A first question we would like to understand is whether different carriers have different performances based on their spatial networks. The way in which air companies optimise their coverage is to select few major hubs which manage most of their air traffic. Those are the places were flights accumulate delays and it appears that the selection of those hubs is strategic to have the best performances.

We first plot the distribution of the fraction of delayed flights and the distribution of the time delay per flight of the best 12 carriers (see Carrier). These 12 companies are responsible for more than 84 % of the air traffic in the USA. First, we observe that these sets of distributions broadly cluster in two classes, depending whether the typical value (most probable event) is very close to the average one (such as for AA or Atlantic in Carrier) or very far from it (such as for Delta and Northwest in the same plot). This highlights the importance of rare events and fluctuations in the statistics of air flight delays.


By comparing different companies we can see that the one achieving best performances is Southwest Airlines Co. with the least mean and maximum delay time.

Southwest Airlines Co 2.154428 20.33333 Delta Air Lines Inc. 3.136766 49.63636 American Airlines Inc. 3.079371 23.20000 SkyWest Airlines Inc. 4.246181 32.00000 ExpressJet Airlines Inc 4.589429 96.93750 United Air Lines Inc. 3.715870 91.00000 US Airways Inc. 3.149458 107.50000 American Eagle Airlines Inc. 4.100867 27.50000 Northwest Airlines Inc. 6.540948 130.00000 Atlantic Southeast Airlines 5.087045 92.00000 Continental Air Lines Inc. 3.071228 57.50000 AirTran Airways Corporation 3.508366 140.00000.

If we plot the distribution of flights for different airports, this company prefers a strategy that is less focused on a single major hub (blue dot in AirportLoad plot). The flights tend to be less localised than it happens for the other companies such that Delta Air Lines Inc. and American Airlines Inc. (see green and grey dots in AirportLoad). Distributing more homogeneously the air traffic load seems to be rewarding in terms of flight delay due to internal organisation and carrier malfunctioning.

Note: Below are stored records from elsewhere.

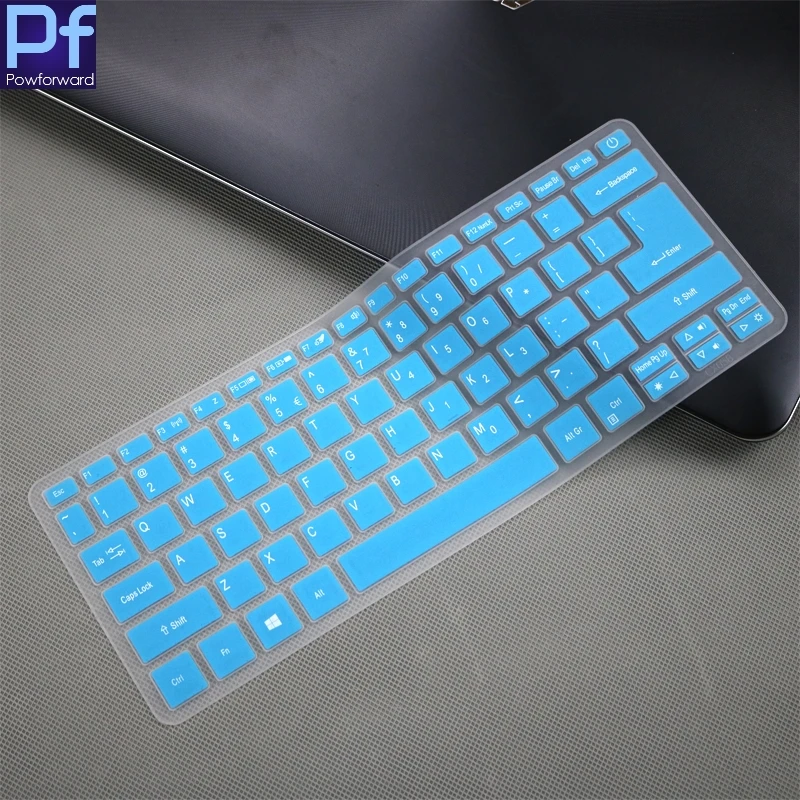2019 защитный чехол для клавиатуры Acer Swift 5 Pro SF514-55 SF514-55gt SF514-55t SF514-55ta 14 дюймов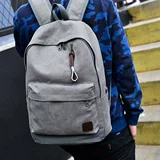 Прочный вместительный и большой шоппер, школьный рюкзак для школьников, ноутбук подходит для мужчин и женщин, дорожная спортивная сумка для путешествий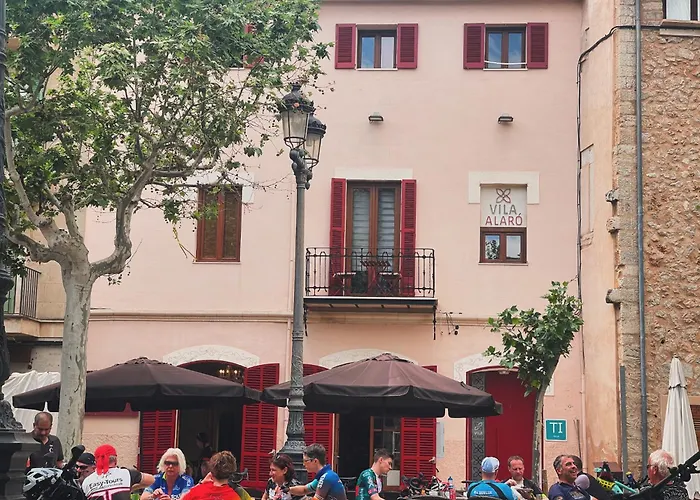 Vila Alaró TI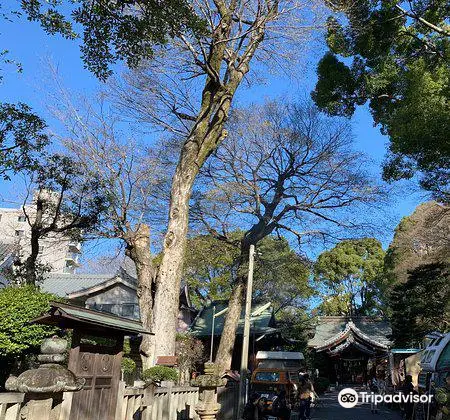 Hioki Shrine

In addition, we plot the fraction of late flight and the delay per flight for different airport (Airport plot) based on their air traffic volume/airport activity showing a surprisingly strong asymmetry for what concerns delays between terminals that are hubs and those that are smaller. We adopt a colour scale such as the lightest colour (white) corresponds to high fraction of delayed flights and high average delayed time per flight. A priori one could have guessed that biggest airports with more traffic load have major delays. Instead, we can see that smallest airport accumulate the biggest delays. This may be due to the fact that career tend to optimise the hubs that are more important.

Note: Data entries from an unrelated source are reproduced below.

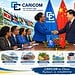 Suriname seeks to strengthen cooperation with China as CARICOM chair 8 caricom china During its CARICOM chairmanship in 2027, Suriname aims for closer cooperation with China, focused on climate, food security and economic development in the region.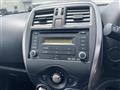 2015 Nissan March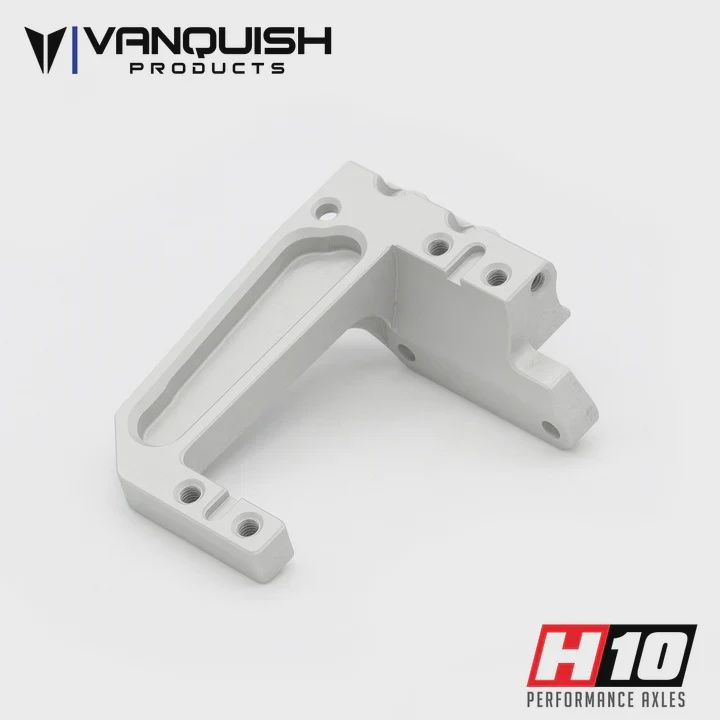 Vanquish H10 Aluminum Servo Mount (VPS08813)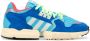 Adidas Torsian sneakers Blauw - Thumbnail 1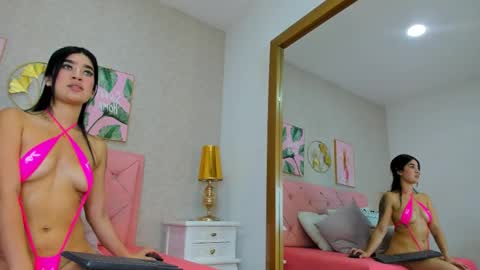 kendall jones7 online show from February 24, 8:51 pm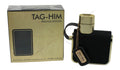 Armaf Natural Mist Tag-Him Prestige Edition 100ml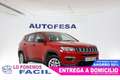 Jeep Compass 1.4 MultiAir Sport 4X2 140cv 5P S/S # IVA DEDUCIBL Rojo - thumbnail 2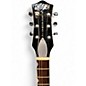 Used Gretsch Guitars JET SINGLE CUT MINI HUMBUCKER Gold Top Solid Body Electric Guitar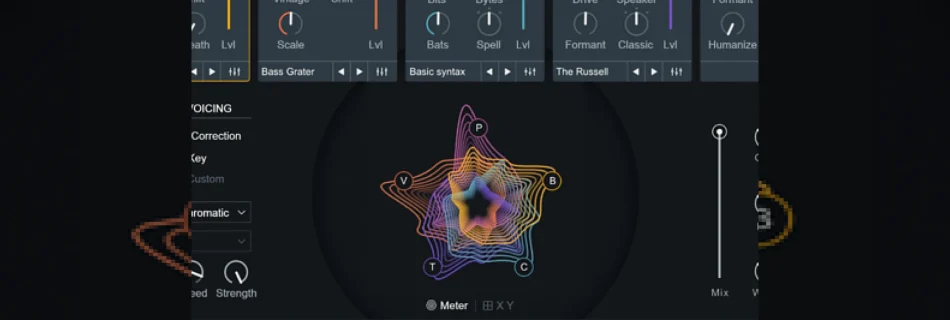 izotope announce vocalsynth 2 plug-in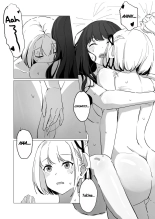 ChisaTaki : página 16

My long-term goal is to build a predictive model of the distribution of delays, based on the past data by simulating air traffic between airport and creating delays that match the statistics of past events. This will enable us to predict future delays per airport. Understanding how delays generate and propagate across the transport network involves considering a large number of variables and elements. The basic elements internal to the system include, of course, the flights but also passengers, crews, airport operations, etc. Additionally, other external factors can affect flight performance as, for example, weather, labor regulations and strikes or security threats. The intricacy of all these elements and of the interactions between them clearly qualifies ATM as an area to be considered under the light of Complex Systems theory. Complexity is characterised by the emergence of new phenomena as a result of the interactions between the elements of a system. Several tools have been introduced to study and quantify the properties of such emergent behaviours.